At present, almost every renewable energy has a problem competing with hydrocarbons economically when the cost of pollution is not included.  To generate electricity, nuclear fuel, coal and natural gas are cheaper than renewable sources unless tax incentives are in place.  However, with oil now above $100 per barrel fairly consistently, we are not far from the point where sugarcane based ethanol is competitive with gasoline all the time.

Biofuel is the broad name for the creation of something that will replace gasoline.  Sugarcane is the most efficient source of biofuel because everything else must be converted to sugar before it can be refined into ethanol. That is why the U.S. focus on using corn to convert to High Fructose Corn Syrup and then into ethanol is not cost competitive with Brazilian sugarcane.  However, Brazil does not have enough sugarcane for the world.  So there is room for others to move their agriculture in this direction.  Meanwhile, research is ongoing, looking into the potential ways algae, various forms of agricultural waste, and weeds that grow on marginal land could be converted to fuel so that more corn is available as food.

Electricity is the holy grail of clean renewable energy and this is actually where the most of this book was directed.  Electric cars would be the cleanest for the environment, but there is a great need for further developments in the technology before they will receive wide consumer acceptance.

There are two basic facts about electricity beyond transportation.  The first is that we already use a lot of it and as the economy grows we will use more of it.  The second is that electricity demand varies according to the weather and time of day. These facts mean that coal and natural gas will have to be used to generate electricity because renewable forms (other then hydro) need efficient storage batteries to be developed for when the sun or wind is not present. For the foreseeable future, all forms of sourcing electricity will have to be used to satisfy demand.

if there were a solution for nuclear waste, nuclear energy would be seen as an essential critical component by environmentalists.  In fact, despite this problem, nuclear energy was gaining momentum as a non-CO2 emission source of electricity until Japan suffered its recent Tsunami generated radiation release and all political momentum for more nuclear energy stalled out.

The other big issue for non-CO2 emitting energy is Not in my backyard ism (NIMBYism).  We dont have a solution for nuclear waste because Nevada residents dont want the nuclear waste buried in Yucca Mountain even though the desert offers the most stable environment for such storage.  We will never have enough hydro, wind or solar unless a massive number of locations are found for each.  Until there is a solution for NIMBYism, we will have to continue to burn coal and natural gas (generating CO2 emissions) to generate the electricity that the economy needs.

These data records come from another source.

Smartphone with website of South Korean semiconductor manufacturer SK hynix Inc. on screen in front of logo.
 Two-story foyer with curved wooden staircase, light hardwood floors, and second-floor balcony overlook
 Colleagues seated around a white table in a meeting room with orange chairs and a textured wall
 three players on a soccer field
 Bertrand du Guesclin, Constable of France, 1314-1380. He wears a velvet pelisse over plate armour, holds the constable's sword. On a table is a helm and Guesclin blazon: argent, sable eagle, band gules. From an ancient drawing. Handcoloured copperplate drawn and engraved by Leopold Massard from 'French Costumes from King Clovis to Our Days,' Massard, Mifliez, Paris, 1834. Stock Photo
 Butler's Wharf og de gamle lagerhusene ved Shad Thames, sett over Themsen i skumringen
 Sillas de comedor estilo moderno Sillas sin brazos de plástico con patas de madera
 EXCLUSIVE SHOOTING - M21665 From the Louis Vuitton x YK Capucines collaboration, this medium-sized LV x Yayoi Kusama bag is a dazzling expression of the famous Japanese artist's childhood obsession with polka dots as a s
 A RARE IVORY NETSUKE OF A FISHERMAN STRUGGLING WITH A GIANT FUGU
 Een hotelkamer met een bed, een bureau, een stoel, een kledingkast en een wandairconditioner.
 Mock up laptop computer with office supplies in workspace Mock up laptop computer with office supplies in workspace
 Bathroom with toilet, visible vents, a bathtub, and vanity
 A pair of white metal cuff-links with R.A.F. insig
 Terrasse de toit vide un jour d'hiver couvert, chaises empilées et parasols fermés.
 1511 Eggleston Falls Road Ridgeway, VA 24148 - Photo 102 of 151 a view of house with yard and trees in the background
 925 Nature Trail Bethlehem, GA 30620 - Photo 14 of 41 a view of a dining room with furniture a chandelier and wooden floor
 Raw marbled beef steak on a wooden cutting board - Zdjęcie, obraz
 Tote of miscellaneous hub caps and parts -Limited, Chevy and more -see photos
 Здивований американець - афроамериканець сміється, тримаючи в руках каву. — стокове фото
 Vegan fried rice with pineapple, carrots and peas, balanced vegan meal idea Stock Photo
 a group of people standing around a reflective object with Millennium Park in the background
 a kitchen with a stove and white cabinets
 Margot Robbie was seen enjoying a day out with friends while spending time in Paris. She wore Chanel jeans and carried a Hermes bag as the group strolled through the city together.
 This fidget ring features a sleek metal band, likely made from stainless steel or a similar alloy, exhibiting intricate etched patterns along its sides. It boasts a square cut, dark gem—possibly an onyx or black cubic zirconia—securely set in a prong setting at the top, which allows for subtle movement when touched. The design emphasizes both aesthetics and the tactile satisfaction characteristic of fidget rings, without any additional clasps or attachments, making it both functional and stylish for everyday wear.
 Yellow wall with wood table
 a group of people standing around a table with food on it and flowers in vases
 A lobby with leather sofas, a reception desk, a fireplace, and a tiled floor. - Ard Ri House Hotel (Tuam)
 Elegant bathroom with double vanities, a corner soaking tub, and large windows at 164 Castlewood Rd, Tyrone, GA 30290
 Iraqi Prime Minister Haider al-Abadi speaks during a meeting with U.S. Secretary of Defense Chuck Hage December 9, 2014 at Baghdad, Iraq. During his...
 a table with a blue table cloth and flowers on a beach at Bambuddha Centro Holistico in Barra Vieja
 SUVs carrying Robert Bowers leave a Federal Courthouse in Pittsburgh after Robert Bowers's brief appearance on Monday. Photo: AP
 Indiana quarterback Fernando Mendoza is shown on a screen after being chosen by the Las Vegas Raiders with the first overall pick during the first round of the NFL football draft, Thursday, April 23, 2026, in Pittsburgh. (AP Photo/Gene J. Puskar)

However, advances in technology are still likely outside the U.S.  Research is ongoing almost everywhere there is a critical mass of educated people. But the U.S. is lagging.  I was stunned to read in the book that in the U.S. spending on pure scientific research within corporations has been completely eliminated.  Now, the U.S. government, primarily through the Department of Defense and the Department of Energy, is responsible for funding all basic scientific research within the U.S.

The time line is simply too long for the private sector to fund renewable energy research without any current returns.  It took over 40 years to develop the scrubbers that remove SO2 from coal plants and prevent acid rain.  It took 15 years to figure out an economical way to get methane from coal beds.  In these times of difficult budgets, many people do not support government funding of this research but without it, the economic benefits of discovery will flow to other countries and leave the U.S. economy that much worse off.  Such spending created the Internet and the economic benefits have repaid the taxpayer many times over already.  It is not a large amount of money.  The total 2008 Research and Development budget was equal to two weeks spending on the War on Terror.

As I discussed in the 2nd posting, much of the rest of the world (other than the U.S.) is committed to finding economical forms of non-hydro carbon energy to address the issue of global warming and pollution.  In the case of China and India it is a necessity; because if they increase their standard of living based upon a hydrocarbon platform as the U.S. and Europe did, they will drive up the price of oil to levels that will both hold back their economic development and hasten the complete utilization of the global resource.  There is now an on-going global race to develop the technology that we need to have sufficient energy and reduce pollution.

In conclusion, we are not going to run out of oil or any other hydrocarbon in the next 100 years because rising prices will generate technological developments that increase supply and motivate conservation.  Technological progress will be made on global warming because the rest of the world wants such technology and even in the U.S., there are profits to be made from green activities.  A Cap and Trade Policy would hasten U.S. based Research and Development (with jobs remaining in the U.S.) but such progress will be developed somewhere in the world for use everywhere if the U.S. fails to innovate.  The U.S. will remain dependent on its current mix of electricity sources until technology improves and NIMBYism is overcome; progress will be made in small ways until there is a federal policy or when a renewable cost advantage emerges.